Si ce n’est pas le cas, une nouvelle prothèse doit être réalisée. Il ne faut pas penser en effet que l’apport des implants permettra de compenser tous les problèmes générés par une prothèse inadaptée.
La pose des implants est effectuée à l’aide d’un guide chirurgical, dupliqué à partir de la prothèse, pour permettre de placer correctement ces implants par rapport au couloir prothétique
Une phase d’attente de deux à trois mois permet d’obtenir l’ostéo-intégration des implants.
La connexion peut alors être effectuée. Cette connexion consiste à solidariser les parties femelles du système d’attache à la prothèse.
Un rebasage de la prothèse est souvent nécessaire. En effet, une décharge importante a été ménagée au niveau antérieur et des retouches assez nombreuses ont pu être faites pendant la phase d’attente du fait de douleurs générées par l’instabilité de la prothèse.
Protocoles cliniques
La connexion peut s’effectuer :
- en bouche (technique directe) ; elle suppose que le rebasage a été fait dans un premier temps
- au laboratoire (technique indirecte) ; dans ce cas, le rebasage est effectué en même temps que la connexion.

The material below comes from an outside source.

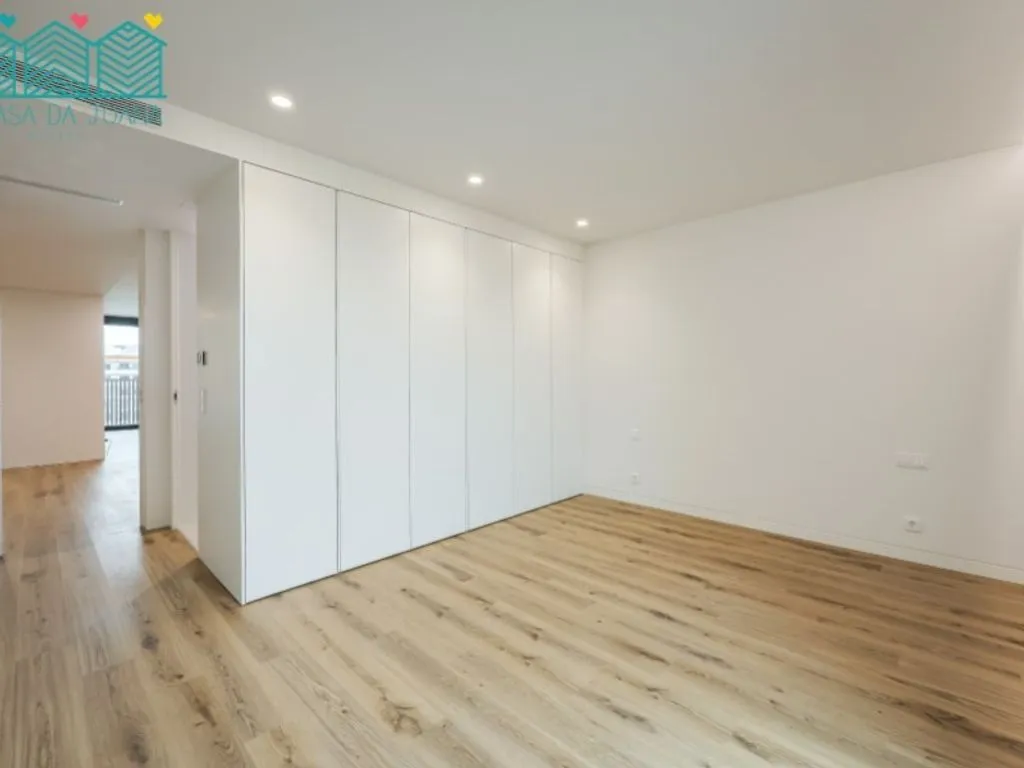 Chambres - Luxury 3-Bedroom Apartment in Aveiro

1/ Méthode directe : connexion en bouche
Les parties mâles des bouton-pressions sont d’abord recouvertes par une digue (par exemple : une pièce de 2 x 1 cm de gant d’examen en latex), puis par un anneau compressible tel qu’un morceau de tuyau d’irrigation externe de 1,5 mm d’épaisseur (qui peut vous être fourni)
Il n’y a ainsi aucun risque de fusée de la résine de connexion dans des zones de contre-dépouille.
Les boîtiers femelles sont préalablement équipés de leur anneau de rétention (soit en nylon transparent assez rigide, soit en plastique jaune plus souple mis en place provisoirement pour diminuer la rétention et faciliter les manipulations) à l’aide d’un impacteur spécifique (ref : CAI)
- impacteur CAI et anneau en nylon transparent
- anneau jaune souple (ref : CAT) et nylon transparent (ref : CAN)
Ces boitiers sont positionnés sur les parties mâles, lesquelles ont été légèrement vaselinées de façon à faciliter le retrait de la prothèse après polymérisation
La prothèse est bien évidée en regard de ces boîtiers pour qu’il n’y ait pas d’appui de l’intrados à leur niveau quand elle est en place. Faire une vérification d’interférence avec un silicone fluide.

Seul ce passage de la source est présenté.